15. Dezember 2017 | 15:58 Uhr

Spielplatzverlust : Kritik verstummt nicht

vom
Aus der Redaktion des Schlei-Boten

Vier städtische Spielplätze werden als Bauland zum Kauf angeboten. Gerade den Grünen und einem einzelnen SPD-Mann schmeckt das immer noch nicht.

shz.de von
erstellt am 08.Jan.2014 | 07:30 Uhr

Schon im Hauptausschuss hatte Thorsten Schacht (SPD) seine Kritik deutlich formuliert. Die geplante Umnutzung von zwei Spiel- und zwei Bolzplätzen im Kappelner Stadtgebiet wollte er nicht sang- und klanglos hinnehmen. Durchsetzen konnte er sich am Ende zwar nicht, dennoch machte er seiner Enttäuschung erneut während der letzten Stadtvertretersitzung des vergangenen Jahres Luft – wenn das Ergebnis auch das gleiche blieb.

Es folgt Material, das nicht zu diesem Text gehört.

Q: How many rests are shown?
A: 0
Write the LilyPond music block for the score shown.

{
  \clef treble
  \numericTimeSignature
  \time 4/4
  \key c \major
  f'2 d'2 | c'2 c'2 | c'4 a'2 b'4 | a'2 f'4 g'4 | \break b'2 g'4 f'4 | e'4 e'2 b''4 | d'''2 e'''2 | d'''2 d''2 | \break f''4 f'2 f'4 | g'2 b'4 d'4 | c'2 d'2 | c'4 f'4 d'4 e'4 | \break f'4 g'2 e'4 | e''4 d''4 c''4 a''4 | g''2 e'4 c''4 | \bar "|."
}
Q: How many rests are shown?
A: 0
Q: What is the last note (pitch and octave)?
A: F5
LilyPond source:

„Die Plätze sind zu früh abgebaut worden“, eröffnete Schacht seinen Redebeitrag. Erst jetzt falle der endgültige Beschluss, die vier Bereiche auf andere Art zu nutzen, die Spielgeräte seien jedoch schon im Frühjahr abgebaut worden. Damals hatte der Sozialausschuss eine Umnutzung empfohlen. Ohnehin, so Schacht weiter, habe das Verfahren, so wie es abgelaufen sei, weder etwas mit Transparenz noch mit Bürgernähe zu tun – „die Bürger haben erst hinterher erfahren, dass die Plätze aufgelöst werden sollen“. Schachts Wunsch: „Der Etat der Spielplätze sollte im neuen Jahr nicht runtergefahren werden.“

Die künftige Nutzung der vier städtischen Plätze in der Todt’schen Koppel, am Rathaus, in der Schulstraße und in der Straße Langeland sieht einen Verkauf der Flächen vor, um dort in der Folge Wohnungsbau zuzulassen. An einem dieser Aspekte stieß sich Norbert Dick (B90/Grüne). „Ich habe nichts dagegen, dass dort Wohnraum entstehen soll“, sagte Dick. „Mein Problem besteht in der geplanten Veräußerung.“ Dick schlug stattdessen die Möglichkeit des Erbbaurechtes vor, um so einkommensschwächeren Familien die Chance des Hausbaus zu ermöglichen, ohne dass diese ein Grundstück kaufen müssten. Auch wenn es nicht gänzlich unüblich ist, dass Gemeinden Erbbaurechte vergeben, traf diese Idee auf keine große Gegenliebe. Matthias Mau (CDU) führte die in solchen Fällen schwierigen, weil unterschiedlichen Besitzverhältnisse ins Feld und nannte den Vorschlag „schwer darstellbar“. Keine große Überraschung also, dass neben Schacht und Dick nur noch Michael Schattka (B90/Grüne) gegen die Umnutzung der Spielplätze und deren Verkauf stimmte.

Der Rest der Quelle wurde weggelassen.